I've tried all the usual variables, but I think it is possibly temperature / temperature stability that is causing the inconsistency.

I usually give the machine about 15 minutes to warm up. I've noticed that if I leave it on all day, I get better "hit" rates / fewer "misses".

How long do people recommend allowing the machine to warm up? Any little tricks I could use to increase my "hit" rate?


----------



## bronc

30-45 minutes is the norm for E61 style machines. If you're in a hurry you can flush water through the grouphead to warm it up faster. Sounds like low temperature is the issue.


----------



## jamster

Thanks bronc. Now I wonder how to give it time to warm up without having to get out of bed


----------



## hotmetal

jamster said:


> Thanks bronc. Now I wonder how to give it time to warm up without having to get out of bed


Easy - get a timer plug! I have my machine on one - set to 15 mins before my alarm goes off. By the time I get round to making coffee it's been on 40 mins. 15 mins is not long enough as Bronc says. You might get away with 30 if you wrap a towel round the group and flush a bit through the group to warm up the cups, but 40 is better. Also have the portafilter locked in so that warms up too.
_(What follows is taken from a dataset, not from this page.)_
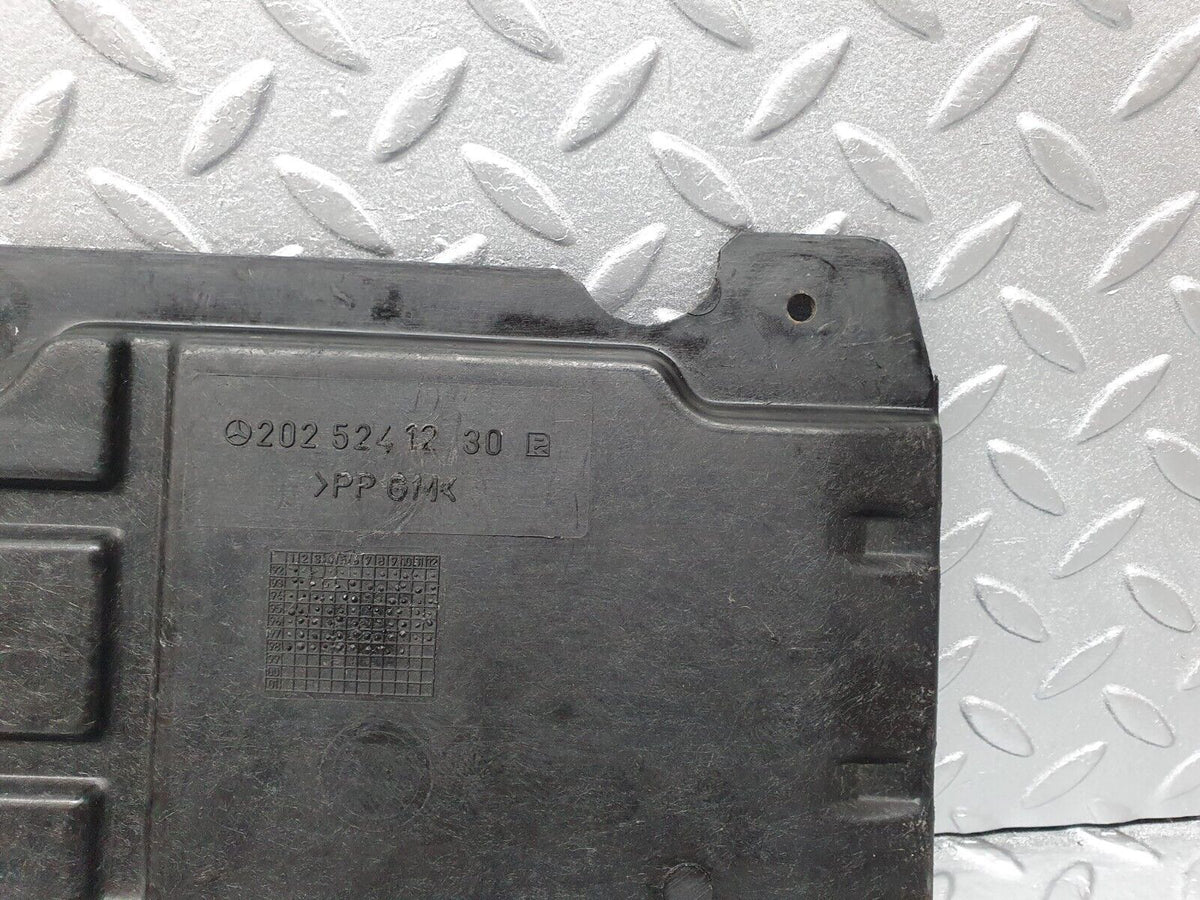 41782 Mercedes-Benz W202 C200 Left Engine Bay Cover Panel A2025241230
You can get really creative with a Wemo Internet enabled switch and IFTTT rules, including geofencing so it turns on when you're 15 mins from home etc, but I found that a bit unreliable so I went back to a cheap mechanical timer from Robert Dyas. Simples!

One of the forum members Marcuswar has developed some sort of tasker app that lets you control Wemo etc for this purpose too.


----------



## bronc

I'm using an Orvibo S20. It's a cheaper alternative to the WeMo and there is no access to the API (so no IFTTT and other nice little things) but it has a programmable timer and you can switch it on/off with your smartphone wherever you are. It does the job and I'm happy with it.


----------



## ChilledMatt

bronc said:


> I'm using an Orvibo S20. It's a cheaper alternative to the WeMo and there is no access to the API (so no IFTTT and other nice little things) but it has a programmable timer and you can switch it on/off with your smartphone wherever you are. It does the job and I'm happy with it.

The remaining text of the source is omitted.